Standard attention outputs are weighted sums that can be noisy. The gate learns which dimensions of the attention output are reliable/useful and which should be dampened. This is similar to gating in LSTMs/GRUs but applied to attention.

Architecture

Input [batch, seq_len, embed_dim]
      |
+------------------------------+
|  Gated Attention Block       |
|                              |
|  Q, K, V projections         |
|         |                    |
|  Standard attention          |
|         |                    |
|  sigmoid(g) * attn_out       |
|         |                    |
|  Output projection           |
+------------------------------+
      |
[batch, seq_len, hidden_size]

Usage

model = GatedAttention.build(
  embed_dim: 256,
  hidden_size: 256,
  num_heads: 4,
  num_layers: 6
)

Reference

  • "Gated Attention Networks" (NeurIPS 2025 Best Paper)

Summary

Types

Options for build/1.

Functions

Build a Gated Attention model.

Build the gated attention layer.

Get the output dimension for a model configuration.

Recommended default configuration.

Types

build_opt()

@type build_opt() ::
  {:embed_dim, pos_integer()}
  | {:hidden_size, pos_integer()}
  | {:num_heads, pos_integer()}
  | {:num_layers, pos_integer()}
  | {:dropout, float()}
  | {:window_size, pos_integer()}

Options for build/1.

Functions

build(opts \\ [])

@spec build([build_opt()]) :: Axon.t()

Build a Gated Attention model.

Options

  • :embed_dim - Size of input embedding per timestep (required)
  • :hidden_size - Internal hidden dimension (default: 256)
  • :num_heads - Number of attention heads (default: 4)
  • :num_layers - Number of transformer blocks (default: 6)
  • :dropout - Dropout rate (default: 0.1)
  • :window_size - Expected sequence length for JIT optimization (default: 60)

Returns

An Axon model that outputs [batch, hidden_size] from the last position.

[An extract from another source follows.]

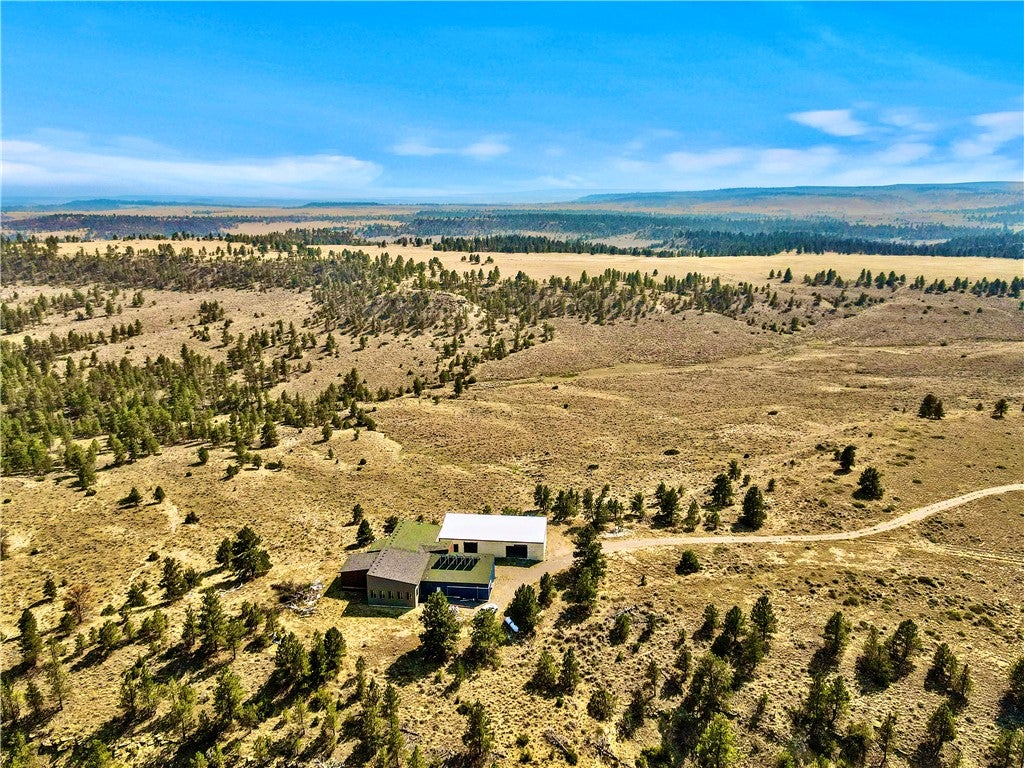 81 Studio Drive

build_gated_attention(input, opts)

@spec build_gated_attention(
  Axon.t(),
  keyword()
) :: Axon.t()

Build the gated attention layer.

Projects to Q, K, V, computes standard attention, then applies learned sigmoid gate to the output.

output_size(opts \\ [])

@spec output_size(keyword()) :: non_neg_integer()

Get the output dimension for a model configuration.